(Beginning of Exercise materials)
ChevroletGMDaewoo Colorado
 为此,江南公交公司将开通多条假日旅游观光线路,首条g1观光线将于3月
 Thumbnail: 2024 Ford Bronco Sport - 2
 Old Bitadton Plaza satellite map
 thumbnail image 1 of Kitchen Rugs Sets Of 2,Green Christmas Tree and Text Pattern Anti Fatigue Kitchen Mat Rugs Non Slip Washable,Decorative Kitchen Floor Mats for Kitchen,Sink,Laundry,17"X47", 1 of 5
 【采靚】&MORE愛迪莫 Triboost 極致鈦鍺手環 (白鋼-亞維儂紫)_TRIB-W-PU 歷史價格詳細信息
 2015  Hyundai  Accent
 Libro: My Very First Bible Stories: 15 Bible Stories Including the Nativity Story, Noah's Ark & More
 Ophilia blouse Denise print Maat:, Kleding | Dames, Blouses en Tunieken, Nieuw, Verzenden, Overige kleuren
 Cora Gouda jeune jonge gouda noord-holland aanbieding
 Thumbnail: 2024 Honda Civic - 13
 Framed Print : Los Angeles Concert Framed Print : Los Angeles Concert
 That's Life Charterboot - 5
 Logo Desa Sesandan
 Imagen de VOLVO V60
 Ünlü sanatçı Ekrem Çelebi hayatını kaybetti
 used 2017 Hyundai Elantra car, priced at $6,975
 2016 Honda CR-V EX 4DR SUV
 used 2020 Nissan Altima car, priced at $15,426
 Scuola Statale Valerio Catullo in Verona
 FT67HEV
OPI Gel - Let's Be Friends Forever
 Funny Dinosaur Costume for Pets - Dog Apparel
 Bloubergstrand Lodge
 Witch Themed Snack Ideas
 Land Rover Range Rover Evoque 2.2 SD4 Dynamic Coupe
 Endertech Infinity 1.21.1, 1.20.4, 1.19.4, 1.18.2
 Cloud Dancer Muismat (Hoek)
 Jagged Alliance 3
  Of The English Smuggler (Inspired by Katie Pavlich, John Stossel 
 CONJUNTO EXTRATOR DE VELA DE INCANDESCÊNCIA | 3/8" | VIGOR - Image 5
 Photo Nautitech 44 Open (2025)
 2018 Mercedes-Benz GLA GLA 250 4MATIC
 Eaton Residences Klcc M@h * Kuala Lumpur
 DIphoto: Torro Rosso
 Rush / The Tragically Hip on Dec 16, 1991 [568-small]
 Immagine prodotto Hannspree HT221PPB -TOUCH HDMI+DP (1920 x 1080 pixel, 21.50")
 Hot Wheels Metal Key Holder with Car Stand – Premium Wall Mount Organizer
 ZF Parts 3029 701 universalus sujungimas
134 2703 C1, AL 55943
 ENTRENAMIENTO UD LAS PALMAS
(End of Exercise materials)
- About this task: Print the line with "Framed Print : Los Angeles Concert Framed" and every line after it in the entries above, exactly as written. Leave out all other lines.

- Worked solution:
 Framed Print : Los Angeles Concert Framed Print : Los Angeles Concert
 That's Life Charterboot - 5
 Logo Desa Sesandan
 Imagen de VOLVO V60
 Ünlü sanatçı Ekrem Çelebi hayatını kaybetti
 used 2017 Hyundai Elantra car, priced at $6,975
 2016 Honda CR-V EX 4DR SUV
 used 2020 Nissan Altima car, priced at $15,426
 Scuola Statale Valerio Catullo in Verona
 FT67HEV
OPI Gel - Let's Be Friends Forever
 Funny Dinosaur Costume for Pets - Dog Apparel
 Bloubergstrand Lodge
 Witch Themed Snack Ideas
 Land Rover Range Rover Evoque 2.2 SD4 Dynamic Coupe
 Endertech Infinity 1.21.1, 1.20.4, 1.19.4, 1.18.2
 Cloud Dancer Muismat (Hoek)
 Jagged Alliance 3
  Of The English Smuggler (Inspired by Katie Pavlich, John Stossel 
 CONJUNTO EXTRATOR DE VELA DE INCANDESCÊNCIA | 3/8" | VIGOR - Image 5
 Photo Nautitech 44 Open (2025)
 2018 Mercedes-Benz GLA GLA 250 4MATIC
 Eaton Residences Klcc M@h * Kuala Lumpur
 DIphoto: Torro Rosso
 Rush / The Tragically Hip on Dec 16, 1991 [568-small]
 Immagine prodotto Hannspree HT221PPB -TOUCH HDMI+DP (1920 x 1080 pixel, 21.50")
 Hot Wheels Metal Key Holder with Car Stand – Premium Wall Mount Organizer
 ZF Parts 3029 701 universalus sujungimas
134 2703 C1, AL 55943
 ENTRENAMIENTO UD LAS PALMAS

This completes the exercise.